**Input:**
^^^^^^^^

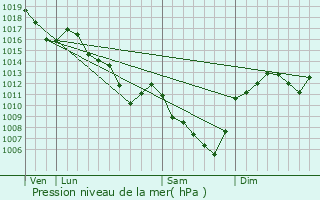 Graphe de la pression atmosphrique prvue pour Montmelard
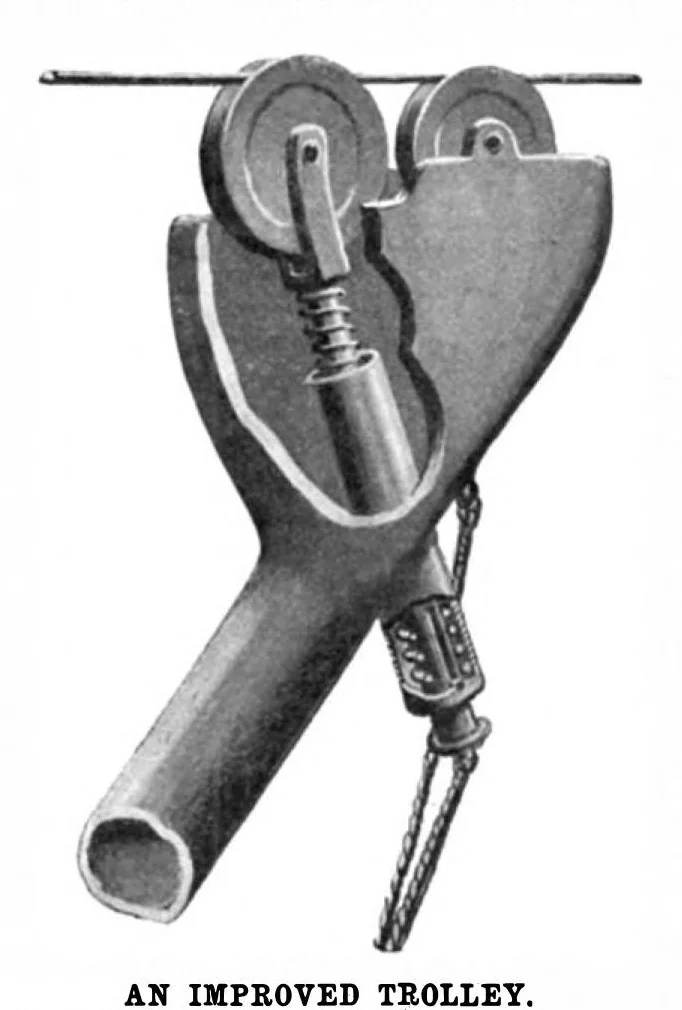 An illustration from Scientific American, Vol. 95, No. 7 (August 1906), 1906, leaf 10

^^^^^^^^

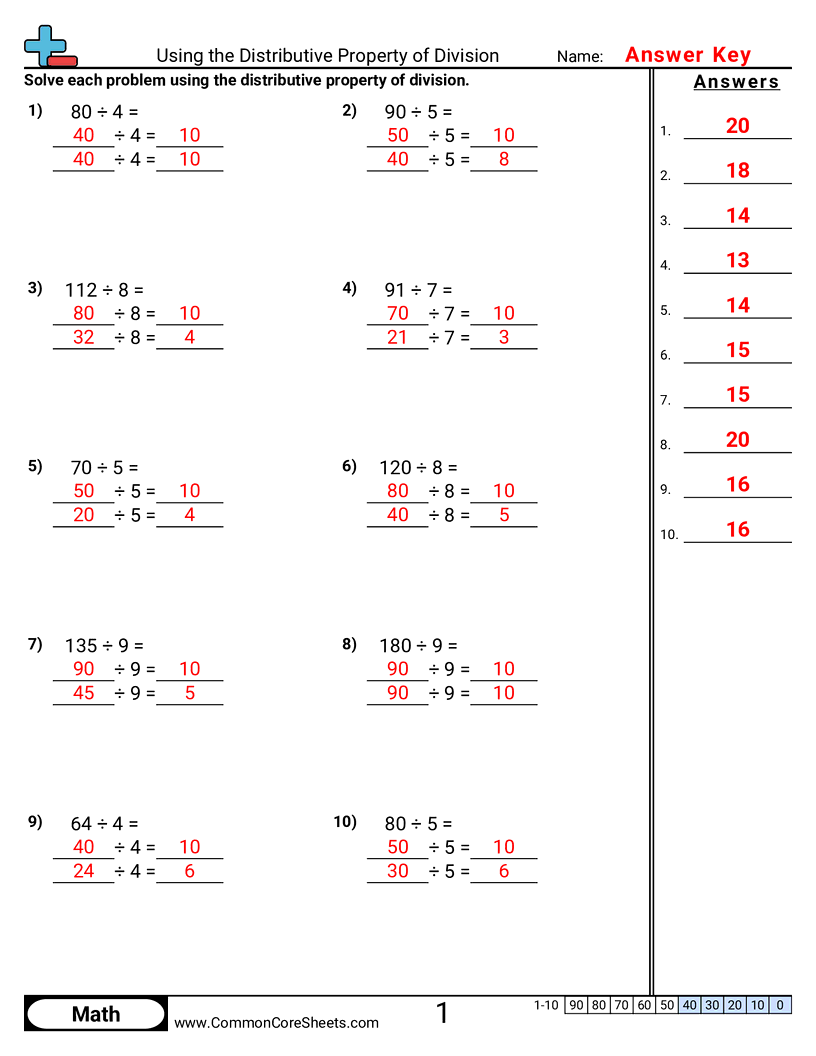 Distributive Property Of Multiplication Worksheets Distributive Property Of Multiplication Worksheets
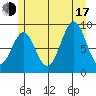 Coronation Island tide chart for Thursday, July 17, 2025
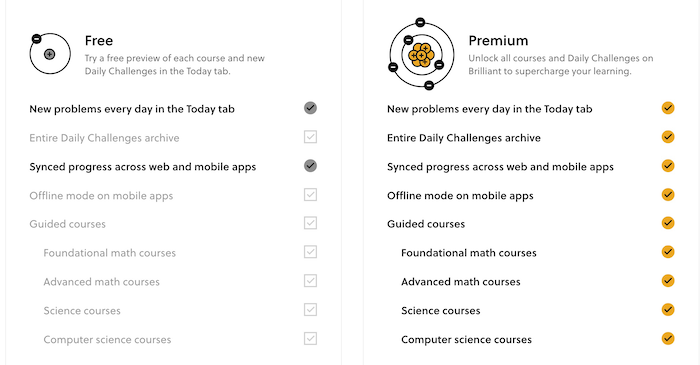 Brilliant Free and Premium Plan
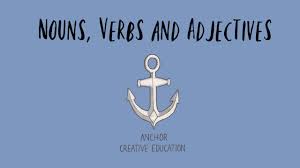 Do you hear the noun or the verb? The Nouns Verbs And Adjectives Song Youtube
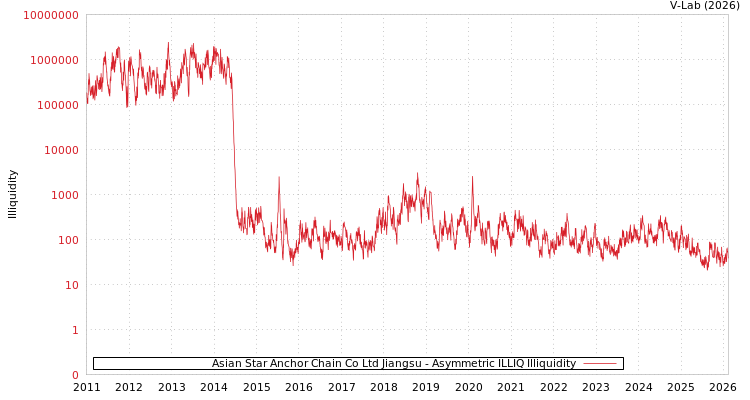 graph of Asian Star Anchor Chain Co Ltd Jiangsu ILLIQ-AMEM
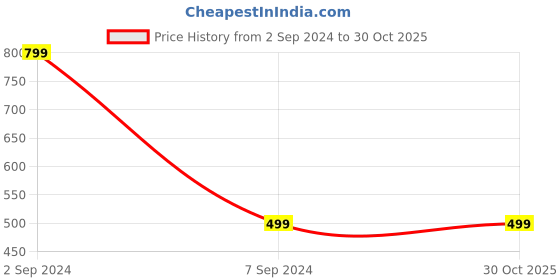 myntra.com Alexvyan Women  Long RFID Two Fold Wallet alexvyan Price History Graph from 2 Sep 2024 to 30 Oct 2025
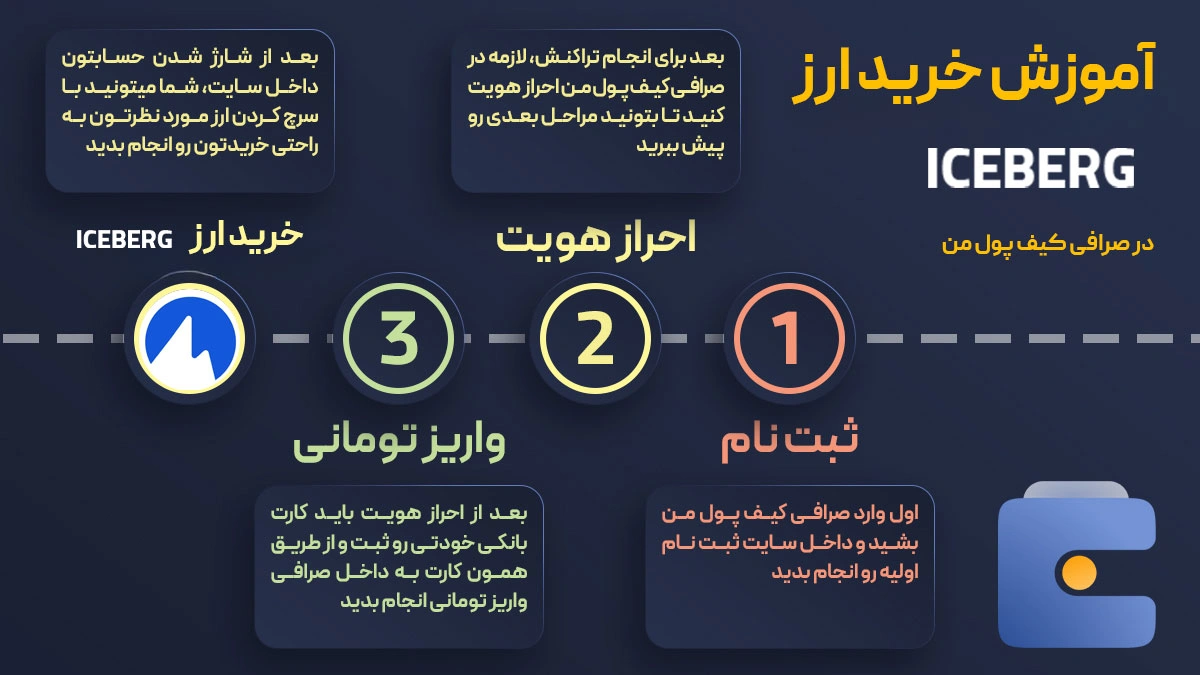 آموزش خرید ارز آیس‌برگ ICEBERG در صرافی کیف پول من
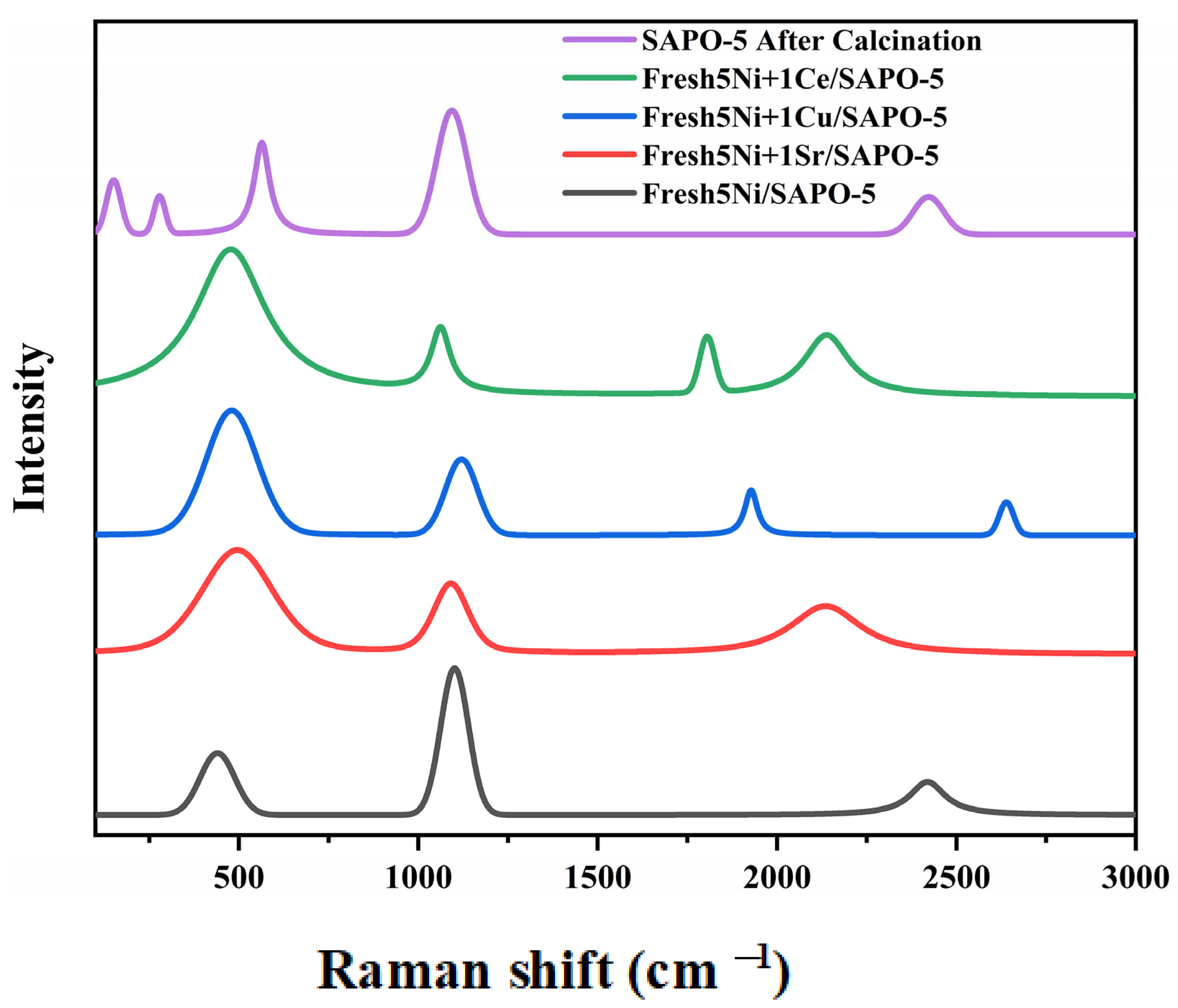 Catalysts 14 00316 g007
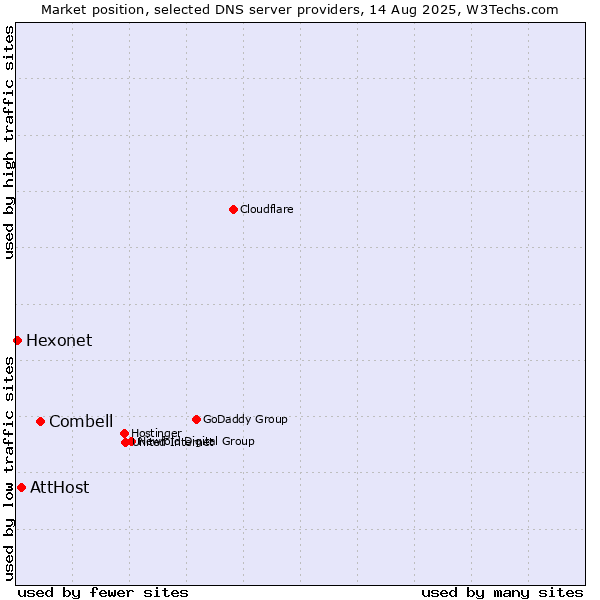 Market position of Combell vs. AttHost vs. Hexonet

^^^^^^^^

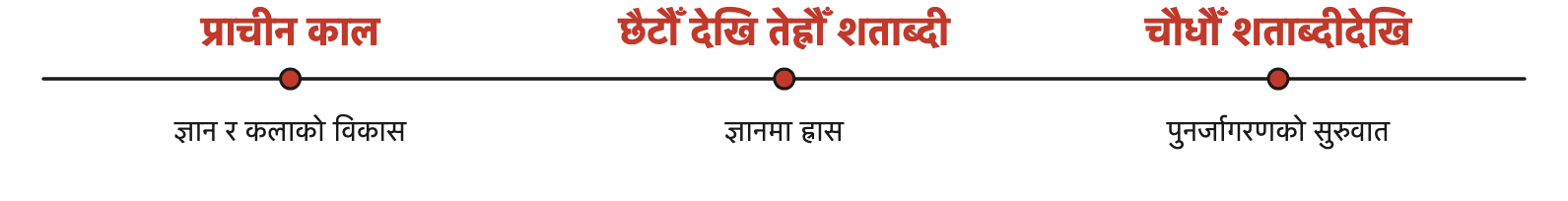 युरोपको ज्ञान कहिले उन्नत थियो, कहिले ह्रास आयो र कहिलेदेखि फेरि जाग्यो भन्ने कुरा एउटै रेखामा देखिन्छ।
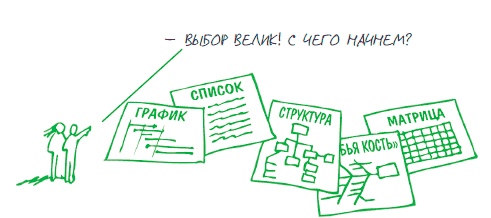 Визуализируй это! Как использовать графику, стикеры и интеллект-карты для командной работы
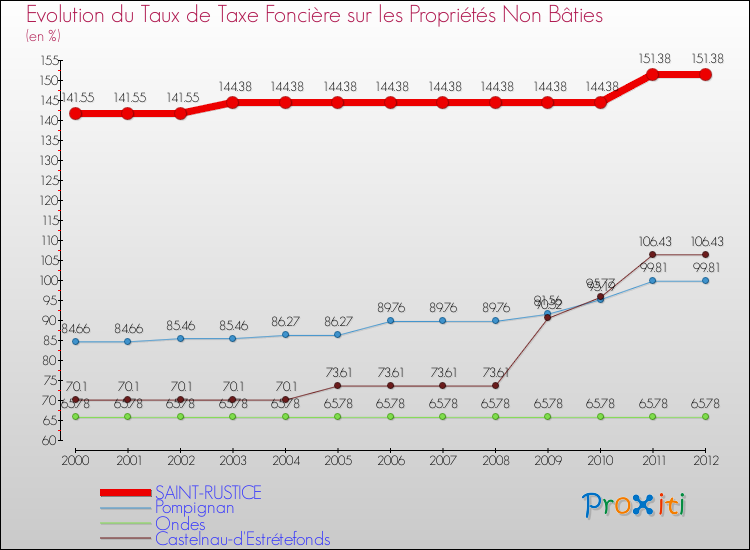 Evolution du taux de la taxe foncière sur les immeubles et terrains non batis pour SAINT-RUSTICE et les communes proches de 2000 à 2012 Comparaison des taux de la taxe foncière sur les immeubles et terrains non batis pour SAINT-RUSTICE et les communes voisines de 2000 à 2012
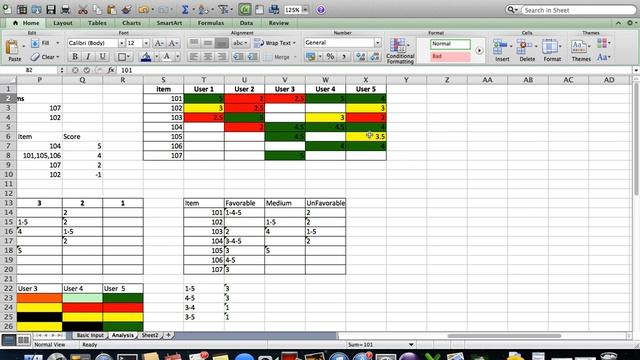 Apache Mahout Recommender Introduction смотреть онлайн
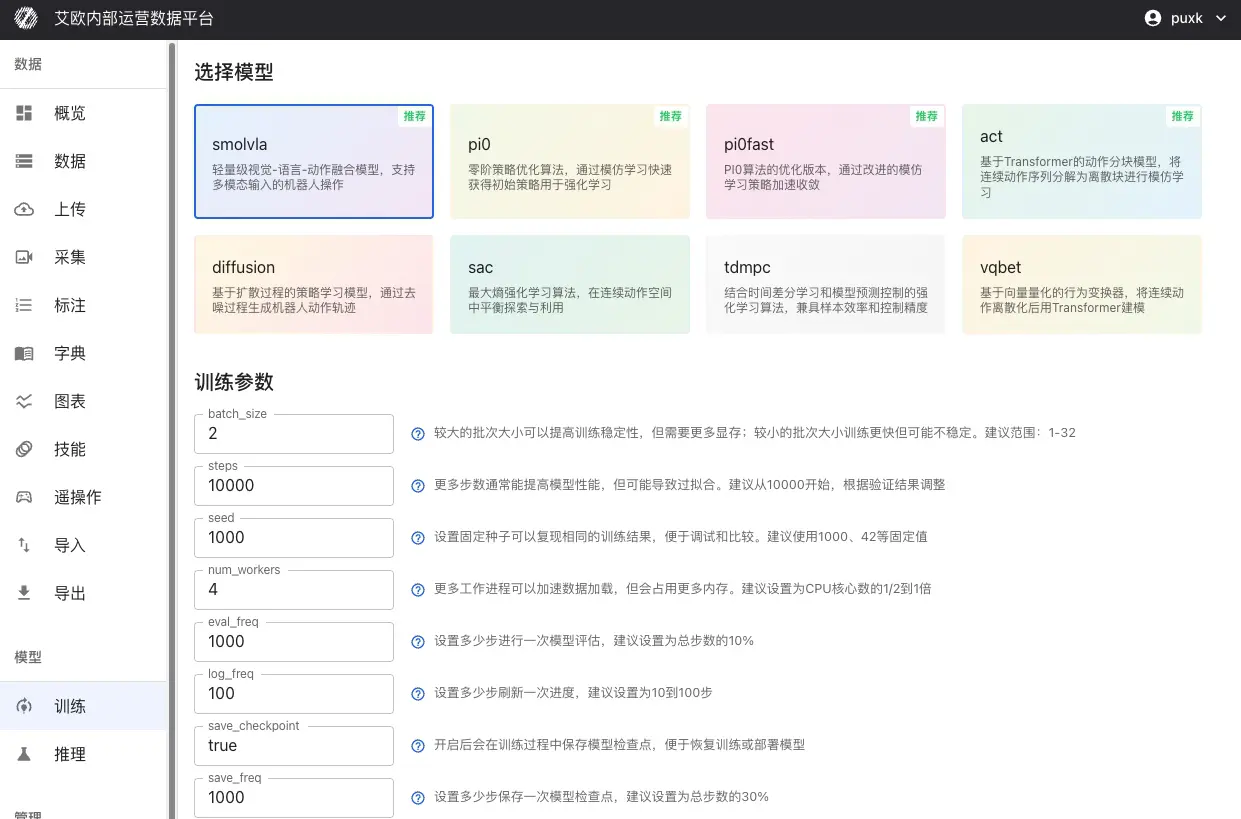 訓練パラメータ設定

^^^^^^^^

**What is required:** The output is the stretch above from the line with "Distributive Property Of Multiplication Worksheets Distributive" through the line with "Market position of", copied word for word with both ends kept and every picture dropped.

**Problem solution:**
 Distributive Property Of Multiplication Worksheets Distributive Property Of Multiplication Worksheets
 Coronation Island tide chart for Thursday, July 17, 2025
 Brilliant Free and Premium Plan
 Do you hear the noun or the verb? The Nouns Verbs And Adjectives Song Youtube
 graph of Asian Star Anchor Chain Co Ltd Jiangsu ILLIQ-AMEM
 myntra.com Alexvyan Women  Long RFID Two Fold Wallet alexvyan Price History Graph from 2 Sep 2024 to 30 Oct 2025
 آموزش خرید ارز آیس‌برگ ICEBERG در صرافی کیف پول من
 Catalysts 14 00316 g007
 Market position of Combell vs. AttHost vs. Hexonet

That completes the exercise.